Cost of Health Care – Time is Running Out To Gain Control

In a recent New England Journal of Medicine article, Drs. Pater Orszag and Philip Ellis talk about the problems with our health care system that no candidate for the Presidency of the United States is truly addressing. It is nice to talk about universal healthcare but we can’t do it on the backs of our children and destroy our economy. They propose  two simple (if that is possible) measures to begin to reign in our medical costs.

First off, there is little strong research on treatment comparisons between expensive and cheaper therapies. One example I always use is how insurers are willing to cover the expense of the drug Nexium® which can run hundreds of dollars a month over Prilosec® which is over-the-counter and runs under $50 a month. Why? For two reasons one is that the pharmaceutical industry is more about profits and less about improving the health of people. The second issue the authors bring up is that there is no incentive to cut costs.

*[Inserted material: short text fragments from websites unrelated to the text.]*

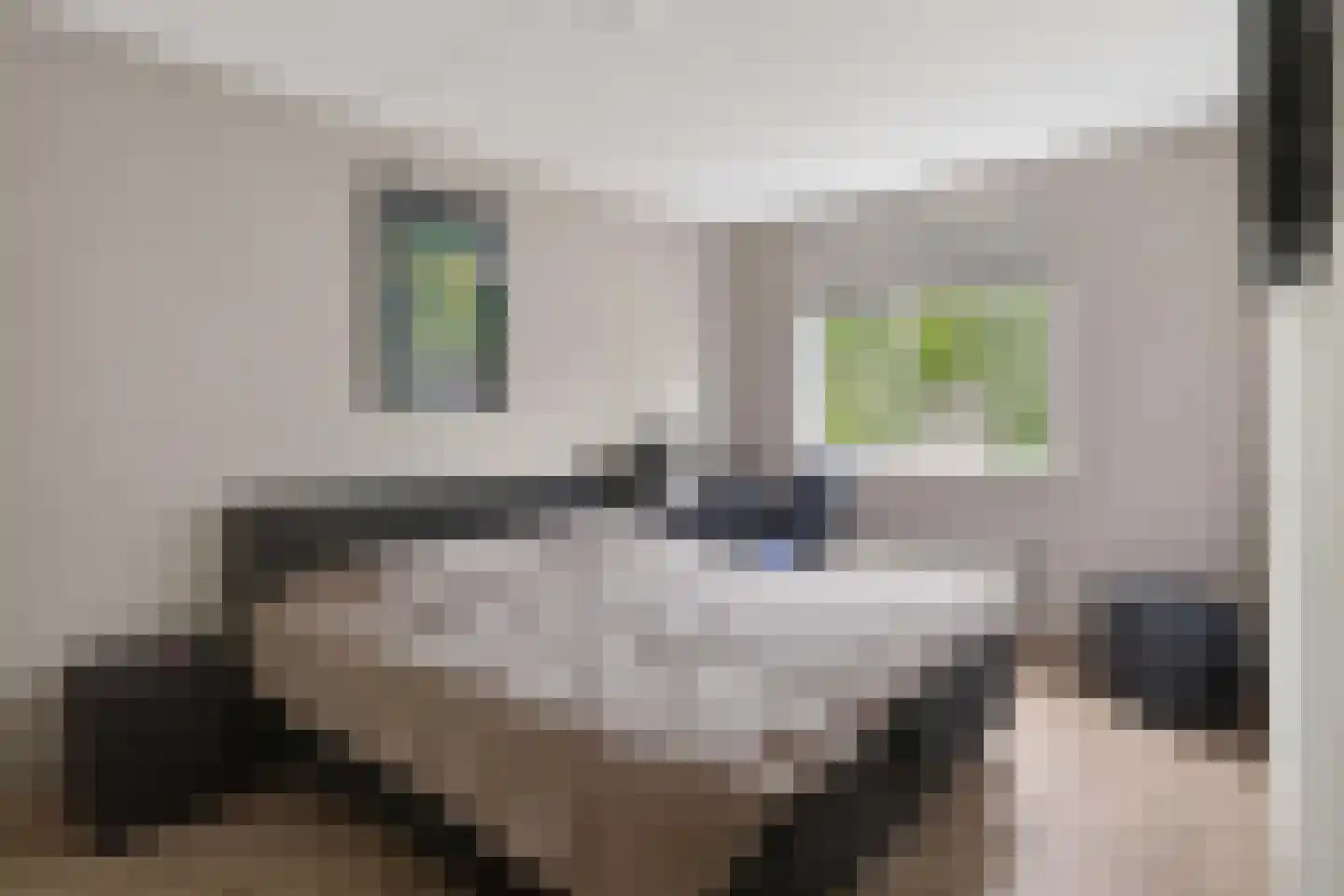Riviergrondel 21 Kwintsheul thumbnail 34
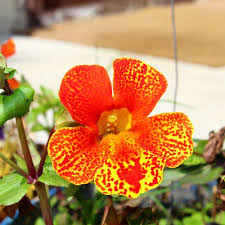 Red Monkey Flower Seeds for Planting and Gardening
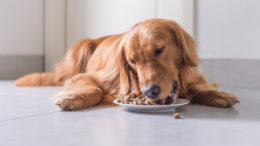 Yetişkin Köpekler Nasıl Beslenmelidir?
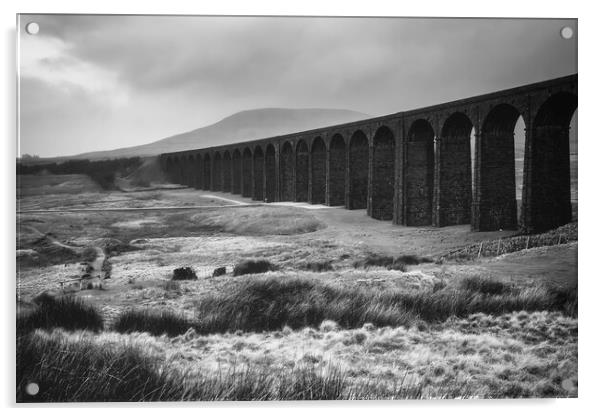 Ribblehead Viaduct Black and White Acrylic by Tim Hill
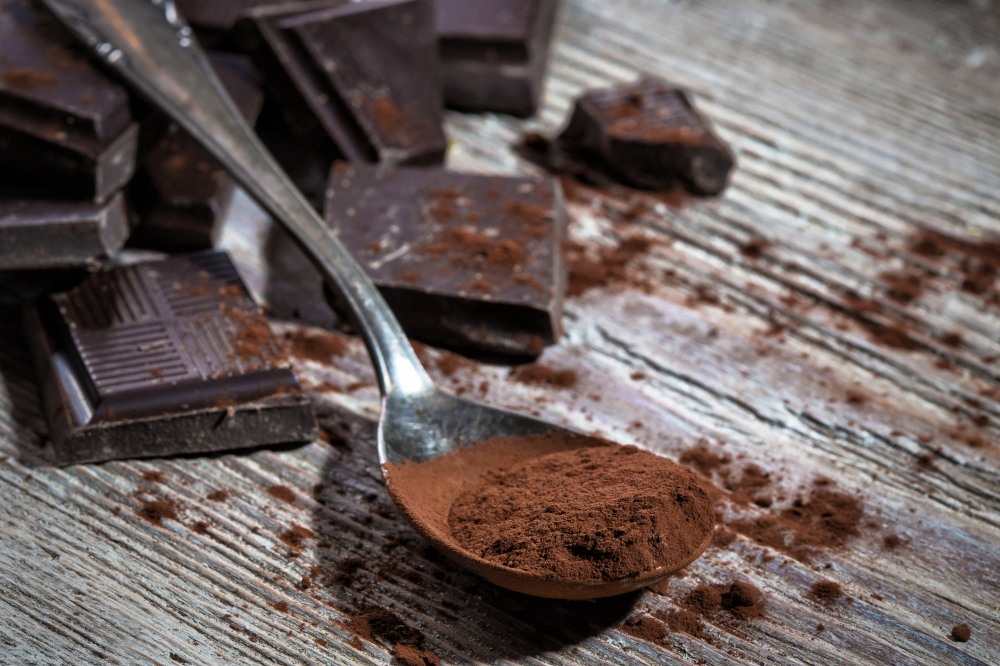 cocoa powder and dark chocolate squares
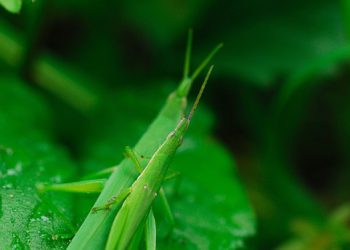 הישאר מחובר ושתף פעולה ביעילות עם דוא"ל עסקי של Gmail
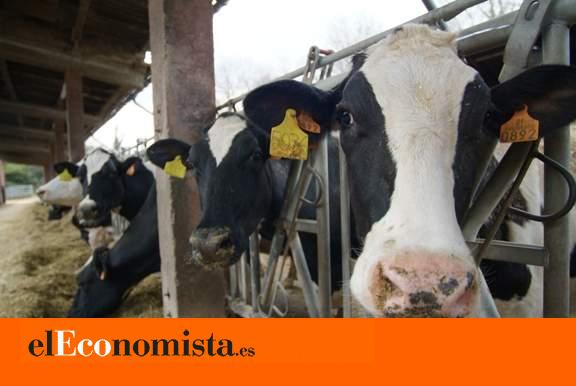 La Confederación Hidrográfica del Duero hace tambalear la polémica macrovaquería de Noviercas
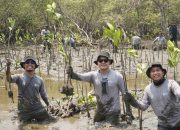 Kalla Toyota Tanam 43 Ribu Mangrove di Pangkep untuk Pulihkan Pesisir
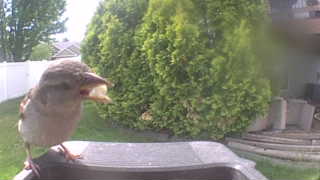 house sparrow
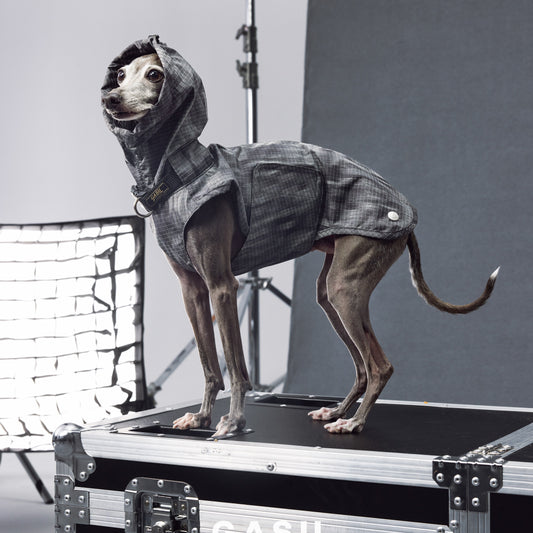 Reflective Waterproof Dog Raincoat Vest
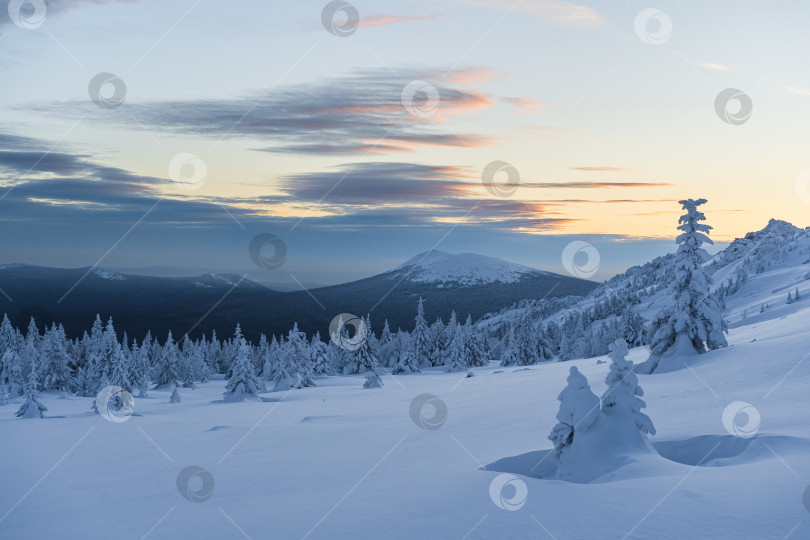 Скачать Круглица фотосток Ozero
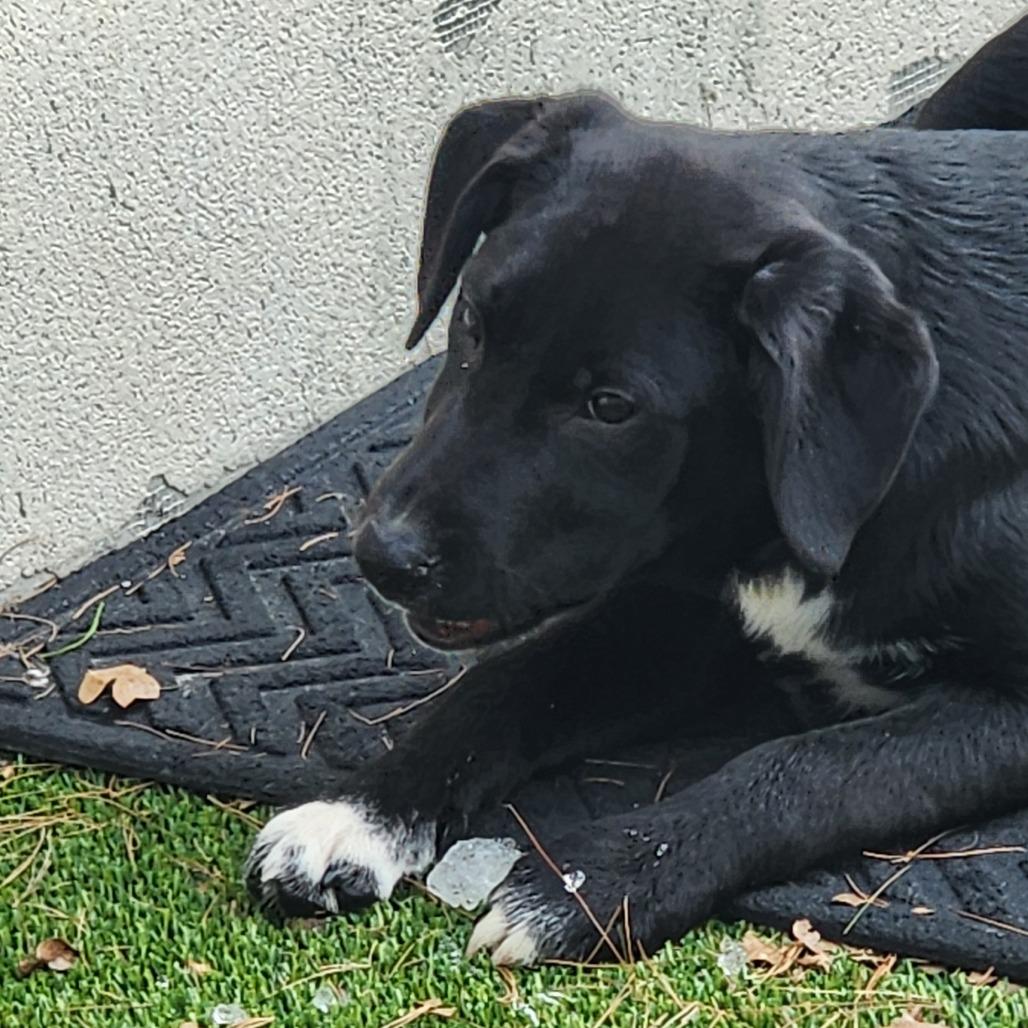 Snickers, Adoptable, Puppy Male Mixed Breed.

At my last few lectures, I noted that insurance companies have no reason to cut costs as long as payments, in the form of your health insurance premiums are greater than costs. The incentive is actually to perform more expensive procedures because the higher the cost, the higher the premiums charged and the more money there is to enrich the stockholders and meet Wall Street’s expectations. If their profit margin is to make 18% for each dollar they spend because they will only charge you more in premiums, what procedure would you think they would want to pay for, one for $1,000 or $100? Yup, the more expensive one.

While I am not a big fan of government intervention, it is imperative it happens here before economic disaster occurs. The idea that industry and the free market will benefit society and that trickle down economics benefits the greatest number in our society are two ideas who need burial. Trickle down is what George Bush Sr. once called “voodoo economics”. Free market is a nice idea, but the bottom line is that excessive greed does not benefit the greatest number of people when it comes to medical care.

Incentives to cut costs, independently measure efficacy in treatment protocols, not just those limited to pharmaceutical models needs to be put in place. We don’t need another male libido drug, we need better treatment for staph, tuberculosis and other deadly diseases that may not be financially enriching for the pharmaceutical industry.

We need more preventive health care, more dietary interventions to stem the tide of obesity and we need to stop the rampant polluting of our environment by greedy, profit above all businesses. We do these things and bite the bullet and we will save our future. Will we? I seriously doubt it unless we elect a leader with enough personality to have the populace back the reforms necessary.